Skip the images and print the listing exactly.
------ COLLECTED DATA
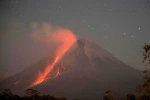 Mount Merapi Night Lava Flow from Srumbung Village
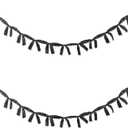 2 Pack Black Ribbon Banner (8ft Each) - Party Decoration Garland for Bachelorette, Girls Night, Bridal Shower, Baby Shower, Birthday Celebration, Coquette Room Decor (Black-Straight Cut)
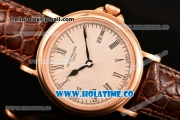 Patek Philippe Calatrava Miyota Quartz Rose Gold Case with White Dial and Black Roman Numeral Markers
------------
**EXERCISE RESPONSE:**
 Mount Merapi Night Lava Flow from Srumbung Village
 2 Pack Black Ribbon Banner (8ft Each) - Party Decoration Garland for Bachelorette, Girls Night, Bridal Shower, Baby Shower, Birthday Celebration, Coquette Room Decor (Black-Straight Cut)
 Patek Philippe Calatrava Miyota Quartz Rose Gold Case with White Dial and Black Roman Numeral Markers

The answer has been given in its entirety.